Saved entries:
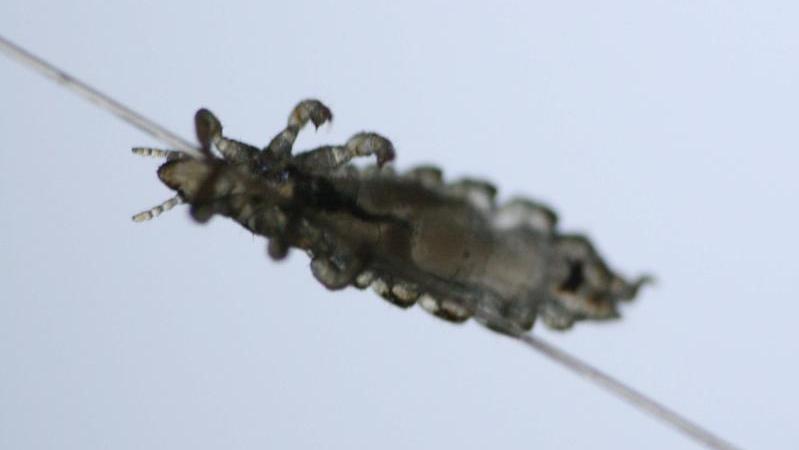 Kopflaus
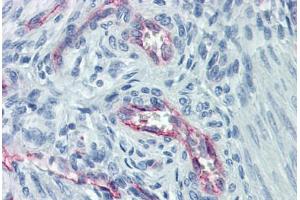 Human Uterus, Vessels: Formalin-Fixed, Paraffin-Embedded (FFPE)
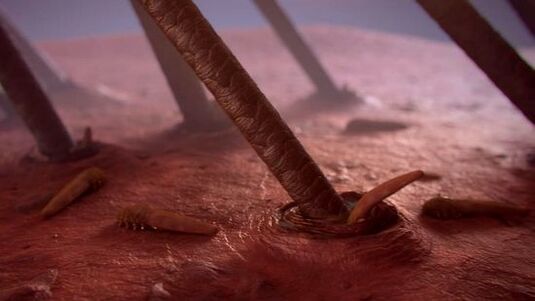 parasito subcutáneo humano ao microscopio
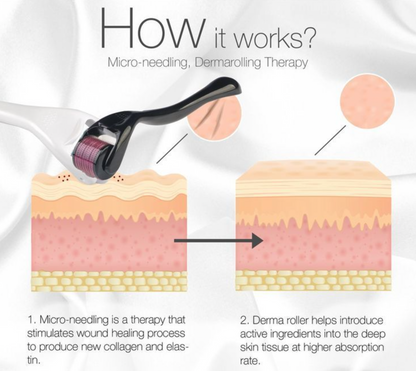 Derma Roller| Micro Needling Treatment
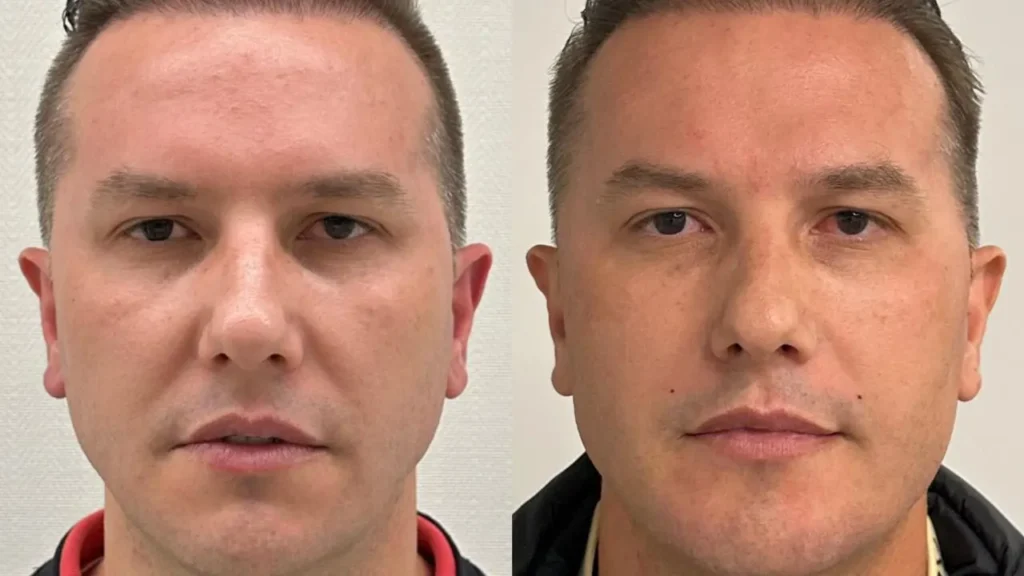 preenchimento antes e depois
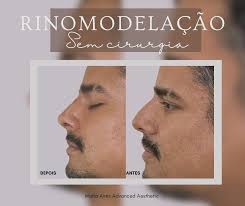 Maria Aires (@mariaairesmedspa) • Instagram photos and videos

_Aim of the task:_ Return the full set of lines above word for word and with no pictures.

_Solution to the problem:_
 Kopflaus
 Human Uterus, Vessels: Formalin-Fixed, Paraffin-Embedded (FFPE)
 parasito subcutáneo humano ao microscopio
 Derma Roller| Micro Needling Treatment
 preenchimento antes e depois
 Maria Aires (@mariaairesmedspa) • Instagram photos and videos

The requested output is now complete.